Les achats d’obligations américaines, du Royaume-Uni, allemandes ou françaises ont aujourd’hui un rendement à 10 ans compris entre 1,40% et 2,80%. Or, ils sont refinancés avec des capitaux indexés sur des taux courts voisins de zéro (sans parler des achats de dettes périphériques européennes au-dessus de 6%).

Ce mécanisme leur procure non seulement une marge de transformation positive mais surtout pour longtemps puisque les banques centrales ont déclaré qu’elles maintiendraient jusqu’à ce que nécessaire leur politique de taux courts proches de zéro — très explicitement par exemple en ce qui concerne la Fed jusqu’à la fin 2014.

Les banques centrales piégées
Les banques centrales ne peuvent plus se permettre de remonter leurs taux directeurs : des politiques monétaires restrictives (hausse des taux, retraits de liquidités, refus d’accepter certains collatéraux) provoqueraient une hausse du prix de l’argent à long terme.

On parle alors de repentification de la courbe des taux. Il en résulterait une remontée des taux des emprunts d’Etat et donc une forte dévalorisation des portefeuilles obligataires des établissements financiers.

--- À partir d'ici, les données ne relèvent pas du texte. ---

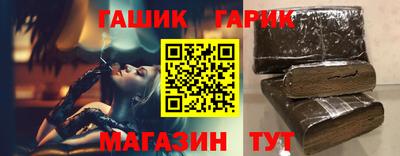 эйфоретик Аргун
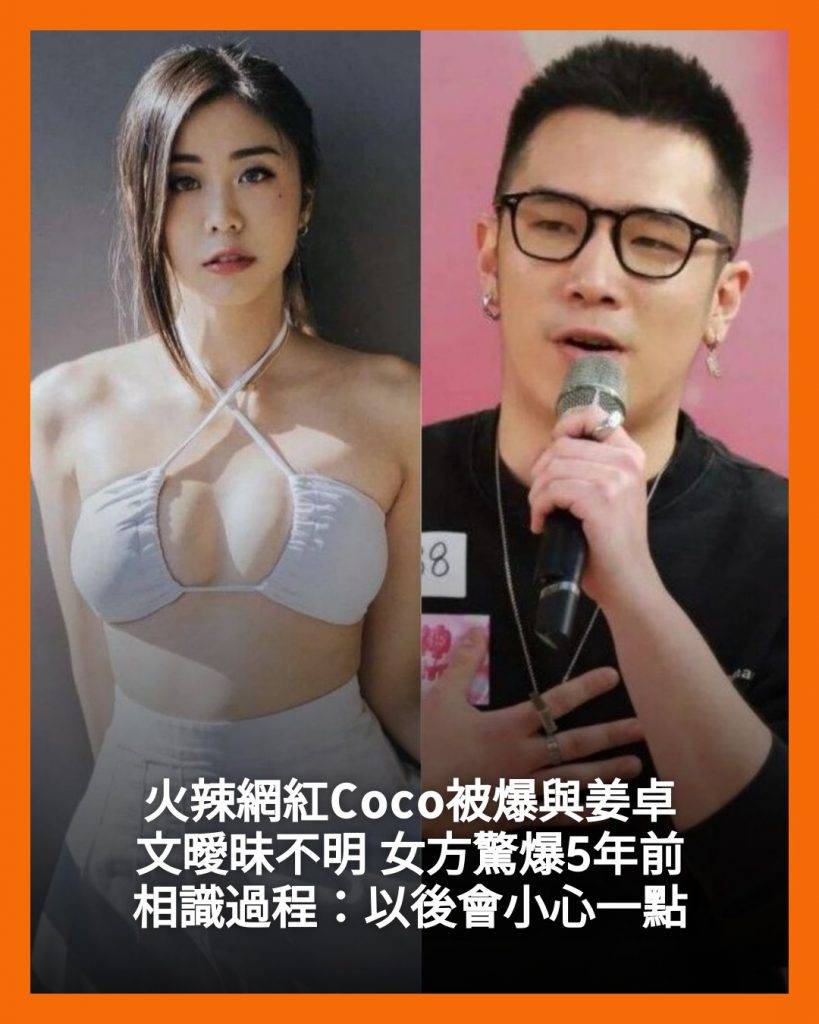 關嘉敏 姜卓文 《女神配對》校園大結局在8月3日(星期日)拍攝,8月5日細John被周刊踢爆曾經相約性感網紅拖手行街,二人事後立即切割發聲明。(圖片來源:東方新地 )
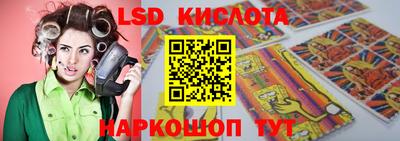 скорость Кумертау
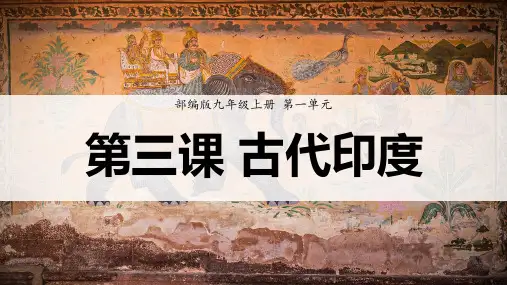 第3课 古代印度(教学课件)- 初中历史人教部编版九年级上册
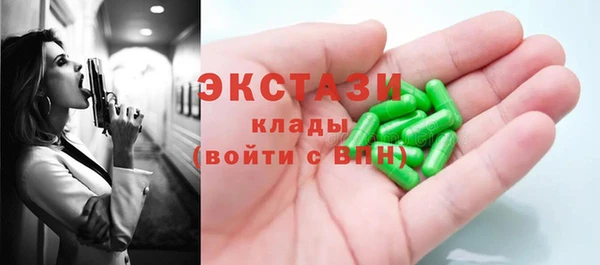 первитин Наволоки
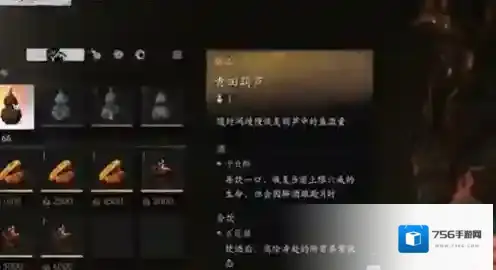 黑神话悟空神话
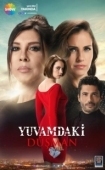 Постер Враг в моём доме (2018)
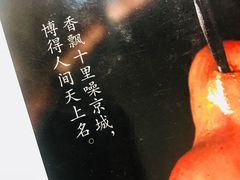 -京味民福烤鸭店(建设四马路店)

Théoriquement, ces moins-values n’apparaîtront pas directement dans les bilans car les obligations d’Etat sont censées être conservées jusqu’à maturité (sauf à imaginer des restructurations de dettes d’un Etat jugé aujourd’hui de bonne qualité — or ce n’est plus de la finance-fiction).

Cependant, même si ces moins-values latentes ne toucheraient pas directement le compte de résultat des banques en normes comptables IFRS (elles seraient impactées sur les capitaux propres), cette situation fragiliserait leur solvabilité réelle, déjà mise à mal par les nombreuses dépréciations d’actifs que le système bancaire a eu à gérer depuis quatre ans. Si, si, rappelez-vous : subprime, souverains périphériques…

Cependant l’idée selon laquelle une Banque centrale ne peut plus faire machine arrière en durcissant sa politique monétaire est excessivement dangereuse et perverse pour le système bancaire lui-même. Il installe la profession dans une sorte de gestion de bilan passive.

Si l’on s’en tient à l’exemple de la BCE, certes, elle ne peut brutalement mettre un terme à sa politique monétaire accommodante. Et il est vrai que, comme la plupart des grandes banques centrales, elle serait dans l’incapacité de remonter ses taux directeurs et de durcir sa politique monétaire si les conditions économiques l’exigeaient.

Car toute orientation, même modérée, en ce sens créerait les conditions d’un krach obligataire mondial, avec l’insolvabilité des Etats de la Zone euro en situation de crise de liquidité et, partant, la faillite de systèmes bancaires nationaux.

 

Mais il faudra que cela change !

 

Cela ne veut pas dire pour autant que — contrairement à ce que les marchés ou nombre d’économistes l’anticipent naïvement — le statu quo actuel soit éternel.

Mais pour moi, il est inimaginable qu’une Banque centrale soit condamnée à choisir entre une politique monétaire “éternellement” accommodante et un risque de krach obligataire et de crise systémique bancaire ! Afin d’assainir le système économique et financier, une Banque centrale ne doit pas installer le hasard moral systématique. Or aujourd’hui :

  • les banques sont toujours plus déresponsabilisées –à quoi bon s’inquiéter puisque la BCE sera le prêteur en dernier ressort et en quantité illimitée ?
  • les Etats sont déresponsabilisés (encore plus les gouvernements dans leur gestion des deniers publics) — à quoi bon mener des politiques d’austérité impopulaires puisque la BCE sera le prêteur en dernier ressort et en quantité illimitée ?

Cet état de fait ne peut durer.

On doit donc anticiper que la Banque centrale sortira progressivement de sa politique d’argent gratuit et combattra l’aléa moral. Ce n’est peut-être pas avant 2015-2017, car on comprend bien que c’est compliqué étant donné l’addiction aux mesures non conventionnelles.

Et c’est selon nous le temps qu’il faut pour que les établissements bancaires assainissent “totalement” leur bilans (sécurisation de la liquidité), gèrent quelques risques systémiques potentiels et s’adaptent aux évolutions réglementaires Bâle III.